MATERIAL TO PROCESS:
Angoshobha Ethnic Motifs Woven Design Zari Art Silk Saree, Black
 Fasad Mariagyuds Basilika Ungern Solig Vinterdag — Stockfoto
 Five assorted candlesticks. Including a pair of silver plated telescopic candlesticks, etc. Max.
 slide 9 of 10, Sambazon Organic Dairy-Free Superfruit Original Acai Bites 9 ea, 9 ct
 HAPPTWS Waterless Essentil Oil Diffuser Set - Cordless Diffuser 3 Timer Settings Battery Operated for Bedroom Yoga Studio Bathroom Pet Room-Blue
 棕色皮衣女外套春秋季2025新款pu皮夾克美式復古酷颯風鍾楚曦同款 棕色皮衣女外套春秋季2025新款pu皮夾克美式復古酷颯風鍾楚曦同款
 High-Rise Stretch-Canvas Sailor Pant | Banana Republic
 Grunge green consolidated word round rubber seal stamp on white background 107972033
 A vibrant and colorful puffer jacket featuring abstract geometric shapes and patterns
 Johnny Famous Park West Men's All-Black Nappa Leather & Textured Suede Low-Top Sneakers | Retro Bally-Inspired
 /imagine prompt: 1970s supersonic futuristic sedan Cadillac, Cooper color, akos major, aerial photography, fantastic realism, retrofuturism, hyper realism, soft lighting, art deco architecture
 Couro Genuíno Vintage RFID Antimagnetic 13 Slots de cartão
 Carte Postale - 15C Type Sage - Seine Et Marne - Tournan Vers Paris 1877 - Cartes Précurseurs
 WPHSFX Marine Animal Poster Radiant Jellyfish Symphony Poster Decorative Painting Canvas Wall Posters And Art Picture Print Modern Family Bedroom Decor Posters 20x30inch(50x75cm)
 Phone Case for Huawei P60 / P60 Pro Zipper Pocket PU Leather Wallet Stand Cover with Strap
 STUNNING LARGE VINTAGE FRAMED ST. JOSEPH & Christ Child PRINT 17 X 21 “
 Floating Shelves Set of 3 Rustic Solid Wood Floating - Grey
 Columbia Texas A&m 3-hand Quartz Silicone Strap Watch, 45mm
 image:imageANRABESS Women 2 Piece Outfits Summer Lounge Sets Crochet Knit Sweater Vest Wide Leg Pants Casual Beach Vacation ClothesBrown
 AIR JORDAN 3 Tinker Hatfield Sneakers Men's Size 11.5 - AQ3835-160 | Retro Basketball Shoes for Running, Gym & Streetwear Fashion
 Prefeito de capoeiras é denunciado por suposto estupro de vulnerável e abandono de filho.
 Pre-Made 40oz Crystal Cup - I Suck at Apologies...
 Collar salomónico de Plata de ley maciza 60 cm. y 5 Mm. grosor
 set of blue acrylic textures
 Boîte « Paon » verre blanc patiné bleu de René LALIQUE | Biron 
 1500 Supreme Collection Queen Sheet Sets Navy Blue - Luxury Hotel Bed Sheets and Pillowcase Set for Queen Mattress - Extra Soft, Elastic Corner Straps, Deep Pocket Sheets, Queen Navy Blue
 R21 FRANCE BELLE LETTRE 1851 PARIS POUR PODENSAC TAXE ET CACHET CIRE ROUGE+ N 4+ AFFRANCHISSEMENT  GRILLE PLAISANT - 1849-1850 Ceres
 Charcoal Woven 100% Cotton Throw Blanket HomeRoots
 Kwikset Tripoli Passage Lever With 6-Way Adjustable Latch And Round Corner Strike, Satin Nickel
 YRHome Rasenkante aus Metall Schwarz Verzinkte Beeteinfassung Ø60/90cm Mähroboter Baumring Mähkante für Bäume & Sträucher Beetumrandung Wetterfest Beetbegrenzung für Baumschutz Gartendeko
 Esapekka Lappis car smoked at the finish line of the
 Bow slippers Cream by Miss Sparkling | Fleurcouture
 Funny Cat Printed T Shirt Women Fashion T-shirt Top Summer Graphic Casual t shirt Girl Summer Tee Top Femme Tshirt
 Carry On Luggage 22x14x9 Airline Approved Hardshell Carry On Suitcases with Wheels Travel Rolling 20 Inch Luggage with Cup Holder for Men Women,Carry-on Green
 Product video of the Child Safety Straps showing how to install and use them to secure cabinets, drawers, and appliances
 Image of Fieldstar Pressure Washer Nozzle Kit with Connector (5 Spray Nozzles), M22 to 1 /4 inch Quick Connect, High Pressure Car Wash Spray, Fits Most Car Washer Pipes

TASK PROMPT: Every line containing the word "Straps" should be copied from the material.

OUTPUT FOR THIS EXERCISE:
 1500 Supreme Collection Queen Sheet Sets Navy Blue - Luxury Hotel Bed Sheets and Pillowcase Set for Queen Mattress - Extra Soft, Elastic Corner Straps, Deep Pocket Sheets, Queen Navy Blue
 Product video of the Child Safety Straps showing how to install and use them to secure cabinets, drawers, and appliances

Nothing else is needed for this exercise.